На пустынных улочках, среди жалких домишек и развалюх, такие мысли особенно щемили сердце. Космас понимал, что его суждения не совсем объективны: ему, видно, не удавалось зажать в кулак свою боль и не давать ей воли, чтобы не затемняла ему глаза, чтобы не заслоняла от него мир. «Я, конечно, преувеличиваю, размышлял Космас. — И, в конце концов, сегодня не только кончается одна история, но и начинается другая». Домики редели. Грязная дорога с глубокими колеями, со следами копыт и ног, залитыми мутной, желтой водой, уводила его на пустынный холмик. Городок теснился внизу — красноватые облезшие крыши, выцветшая мозаика, прячущаяся за деревьями, частью зелеными, частью голыми, за миндальными садами, которые уже цвели. «Сумасшедший миндаль, отчего ты расцвел в январе?» — вспомнил Космас строчку из песни, как вспоминаем мы что-то знакомое, перекликающееся с нашей судьбой. Только теперь Космас заметил, насколько похожа Астипалея на его родной городок там, на юге, в Пелопоннесе. Он тоже лежал в долине, чуть пониже предгорья, среди деревьев и садов, полей и оливковых плантаций. И здесь, и там богатый край и бедные люди. Несколько крепких хозяев живут в больших домах, они в первых рядах, праздничные и довольные, как знаменосцы, а за ними влачит грехи безгрешных дедов и прадедов беднота. Это еле плетущиеся солдаты с подгибающимися ногами, худосочные, в чирьях и лишаях, в рваных мундирах с тусклыми пуговицами. Расторопный командир ловко прикрывает их от чужих взоров шеренгой подтянутых, видных здоровяков, чтобы не портить вид своей части. Так жили на родине у Космаса, так жили и здесь, в Астипалее. Космас смотрит на эти лачуги, на сырцовые кирпичи, на черные от дыма соломенные крыши, на босоногих ребятишек в чужих обносках, которые вяло и без интереса, словно старики, расходуют свои крохотные силенки, меся грязь. «И здесь то же самое, — размышлял Космас. — Везде то же самое…»

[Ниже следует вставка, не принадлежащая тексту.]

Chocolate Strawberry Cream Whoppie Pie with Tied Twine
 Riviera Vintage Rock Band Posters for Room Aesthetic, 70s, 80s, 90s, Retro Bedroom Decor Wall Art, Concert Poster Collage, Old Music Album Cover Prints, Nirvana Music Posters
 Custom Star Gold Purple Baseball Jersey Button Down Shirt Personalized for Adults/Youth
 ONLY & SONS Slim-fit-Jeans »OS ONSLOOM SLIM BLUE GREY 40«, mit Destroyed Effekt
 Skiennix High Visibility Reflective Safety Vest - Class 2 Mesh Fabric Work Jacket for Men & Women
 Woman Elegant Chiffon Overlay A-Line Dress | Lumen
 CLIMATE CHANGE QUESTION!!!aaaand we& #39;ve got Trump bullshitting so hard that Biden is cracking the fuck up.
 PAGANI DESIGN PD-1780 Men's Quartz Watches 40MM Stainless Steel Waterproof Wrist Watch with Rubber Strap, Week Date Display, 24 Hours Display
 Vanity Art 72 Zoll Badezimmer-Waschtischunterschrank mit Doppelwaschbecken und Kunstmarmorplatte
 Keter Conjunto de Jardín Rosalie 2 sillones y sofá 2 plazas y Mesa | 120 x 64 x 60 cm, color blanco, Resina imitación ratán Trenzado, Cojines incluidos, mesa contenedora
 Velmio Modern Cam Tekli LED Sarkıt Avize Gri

Он остановился возле одного двора, отгороженного агавой. Из глубины долетал тяжелый запах, пахло конюшней и хлевом. Козочка с тощим, сморщенным выменем услышала хлюпанье его ботинок и повернула к нему большие кроткие глаза и белые висюльки — сережки, такие же тощие и сморщенные, как соски ее вымени. От шеи у нее тянулась веревка, скрученная из ее же шерсти. Она блеяла тихо и протяжно, будто выплакивала безнадежные слезы. А чуть подальше барахтался в воде ее товарищ — мальчишка, он тоже заметил Космаса и смотрел на него, они смотрели друг на друга в щелочки между толстыми и колючими листьями агавы. Космас глядел на мальчика и не мог определить, сколько ему лет: может, пять, а может, десять. Просторная, с чужого плеча, одежда висела на его маленьком тельце, как на жердочке, а из штанин высовывались тонюсенькие, точно камышинки, ножки. Щеки его запали, глазницы резко обозначались, а глаза прятались где-то глубоко-глубоко, и вся голова была голой, шишковатой, крупной, точь-в-точь как у афинских ребятишек в голодную весну сорок второго года. Тогда все только начиналось… А разве теперь кончается?